Fandango’s Provocative Question #47

Wednesday. I have been interrupted most of the morning and it is almost lunchtime [in fact, I have been interrupted again, and it is now almost evening!] anyway, so what the hey! Fandango’s Provocative Question.

In a nutshell, this week Fandango asks whether there will come a time when we’re screwed by technology? He calls that point a singularity.

I don’t think technology, in itself, will screw us. I think technology is amoral. But all technology has a purpose, or multiple purposes, which might be good or bad. Take nuclear power. For good, we have electricity. Put to one side how clean or cheap this electricity is. For bad, we have Hiroshima, Nagasaki, Windscale, Three Mile Island, Chernobyl, Fukushima, and so on.

A lot of these incidents, we could rightly pose the question, how far can we move forward technologically, without human beings screwing things up?

Plus, of course, as we get more advanced, our technology might require some scarce resource, so fighting over that might screw us. Oil here is an obvious example. Wars have already been fought over oil.

So I don’t think from that that technology will screw us, but human nature has a much better chance.

But even if you do assume a singularity (I’ve never heard that before in this context – a point in time where a step backward might save us, and a step forward might end us), would we recognise that we’re at that point?

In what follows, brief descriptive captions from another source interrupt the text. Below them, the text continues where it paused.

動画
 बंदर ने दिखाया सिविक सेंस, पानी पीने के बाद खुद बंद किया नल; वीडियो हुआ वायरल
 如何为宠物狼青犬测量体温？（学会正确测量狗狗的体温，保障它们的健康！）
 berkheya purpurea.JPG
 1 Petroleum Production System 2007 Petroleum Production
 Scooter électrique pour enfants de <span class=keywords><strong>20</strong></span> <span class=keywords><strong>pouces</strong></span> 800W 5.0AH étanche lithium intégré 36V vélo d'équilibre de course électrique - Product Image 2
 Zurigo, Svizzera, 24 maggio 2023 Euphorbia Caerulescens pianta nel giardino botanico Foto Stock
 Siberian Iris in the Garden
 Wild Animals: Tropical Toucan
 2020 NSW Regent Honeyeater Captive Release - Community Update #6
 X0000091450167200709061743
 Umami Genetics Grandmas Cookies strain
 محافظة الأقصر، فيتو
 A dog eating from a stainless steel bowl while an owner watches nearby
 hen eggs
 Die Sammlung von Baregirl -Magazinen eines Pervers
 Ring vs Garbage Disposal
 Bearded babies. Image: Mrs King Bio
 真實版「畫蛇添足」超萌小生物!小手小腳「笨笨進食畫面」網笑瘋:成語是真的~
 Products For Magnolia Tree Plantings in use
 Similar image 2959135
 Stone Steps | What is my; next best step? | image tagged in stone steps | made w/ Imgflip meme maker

I’d argue not. I’d draw parallels with climate change. Sure there are noisy protests what we are about to, or have already, fall over the precipice. But most govrnments, and people with financial interests, continue to believe that it is something we need to worry about, but not just yet. And they’ll still be saying that when the waves are lapping over their feet. Some just don’t worry at all – I guess they think that if there ever is a problem, well, they’ll be long gone by then. Or that by then, they’ll have amassed sufficient collateral that they can buy their way out.

So I’d say technology progress will be something similar. Would we ever get to the point where we collectively say, we’ve gone far enough? I doubt it.

Coming out of the Woodwork

We have started having General Election nonsense already – politicians saying dumb things, people listening to them a little too closely. Two MPs in hot water yesterday for comments about Grenfell. One for uttering the comments in the first place, the second for trying to excuse him.

Rees-Mogg (the guy uttering the words) appeared to be saying that he would have ignored Fire Service advice, and that by doing so, he would have got out alive, or would at least have stood a better chance of doing so. The problem was that he asserted that this stance was just common sense. So you can see why people are incensed – Rees-Mogg would have got out because he was sufficiently sensible, whereas people died in the fire because they weren’t. He issued a statement later – the opposite of the first (a radio interview) – but the damage had been done.

Nonsense, leopards don’t change their spots, certainly not a seasoned politician during the course of just a single day. He apologised because he realised (or more likely, was instructed by his bosses) that his view was offensive.

Let’s be clear, in respect of Grenfell:

  • people should have followed Fire Service advice, because one could not reasonably expect Joe Public to be an expert in how fires spread. But,
  • people should have had the right to expect that that advice was the correct advice. Not just to expect, but to be able to bet their lives on it. Which is exactly what they did.

Just two questions. There are other associated issues, of course. How people bend either regulations or results so that their property developer friends can jump through a few fewer hoops, and save a bit of cash. The cladding on the tower was shown to be flammable, yet it ticked all the right boxes to end up on the tower block – totally legal. Or the issue of the value of life – social housing is not built to the same safety standards as, say, some swanky millionaire apartment block – which will at the very least have sprinklers. But those are the two key things. A simple guy like me can express these views both concisely and clearly, so why not a professional wordsmith? Or even two of them?

Just on the election itself, I forget litte facts but I generally remember feelings. My current feeling, I had it back in 1997, when John Major’s traincrash of a government was swept away in what heralded the Blair era. I feel that parties don’t win elections, they lose them when voters just become sick of their antics.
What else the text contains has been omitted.